Gesamter Gesetzestext

Oberverwaltungsgericht NRW — 15 A 363/20 — Beschluss

Entscheidungsdatum: 2021-06-28

Aktenzeichen: 15 A 363/20

ECLI: ECLI:DE:OVGNRW:2021:0628.15A363.20.00

Dokumenttyp: Beschluss

Spruchkörper: 15. Senat

Normen: VwGO § 113 Abs. 1 Satz 4

Leitsätze

    1. Bei einer Fortsetzungsfeststellungklage, die der Vorbereitung einer zivilrechtlichen Klage auf Schadensersatz oder Entschädigung dienen soll, ist das Feststellungsinteresse gegeben, wenn ein solcher Prozess bereits anhängig, mit Sicherheit zu erwarten oder ernsthaft beabsichtigt ist, die begehrte Feststellung in diesem Verfahren erheblich und die Rechtsverfolgung nicht offensichtlich aussichtslos ist. Insoweit bedarf es insbesondere hinreichend substantiierter Darlegungen zur Art des Schadens und zur annähernden Schadenshöhe.
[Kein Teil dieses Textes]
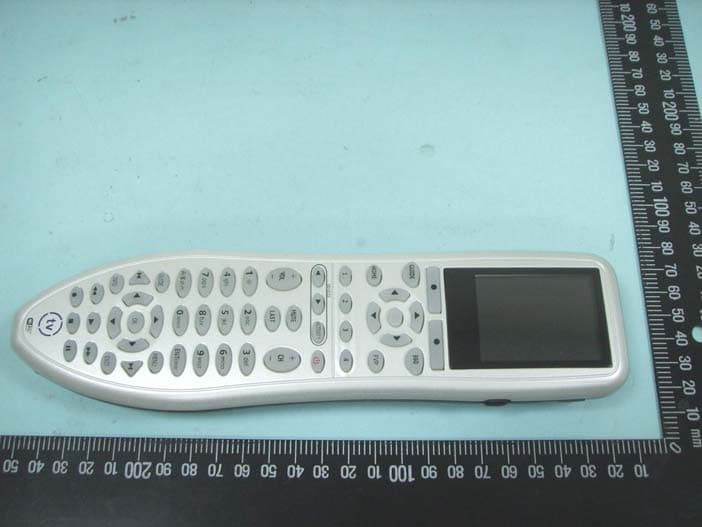 Remote controller - FCC ID RU4-SR1000 - Metalligence Technology Corp. (4)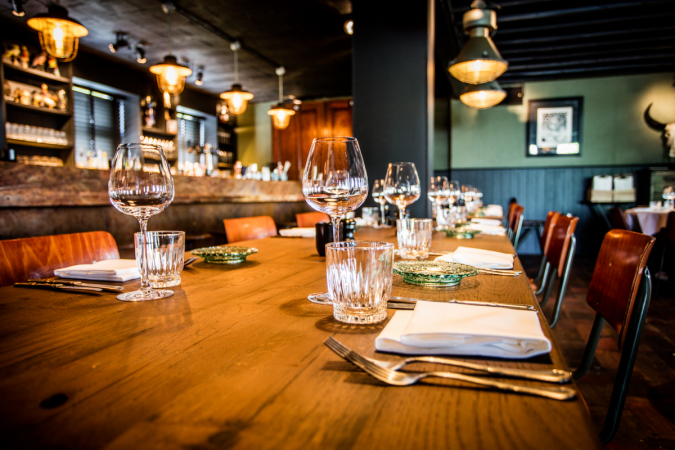 Bar Bistro Côte Belge, Knokke-Heist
Eine nur theoretisch mögliche Schadensersatz- oder Entschädigungsklage vermittelt kein Fortsetzungsfeststellungsinteresse.
    1. Ein berechtigtes Interesse an der Feststellung der Rechtswidrigkeit kommt von vornherein nicht in Betracht, wenn Entschädigungs- oder Schadensersatzansprüche nur auf dem Verwaltungsrechtsweg verfolgt werden sollen.

Tenor

Der Antrag wird abgelehnt.

Die Kosten des Zulassungsverfahrens trägt die Klägerin.

Der Streitwert wird unter Abänderung der erstinstanzlichen Streitwertfestsetzung für beide Instanzen auf 15.000,00 Euro festgesetzt.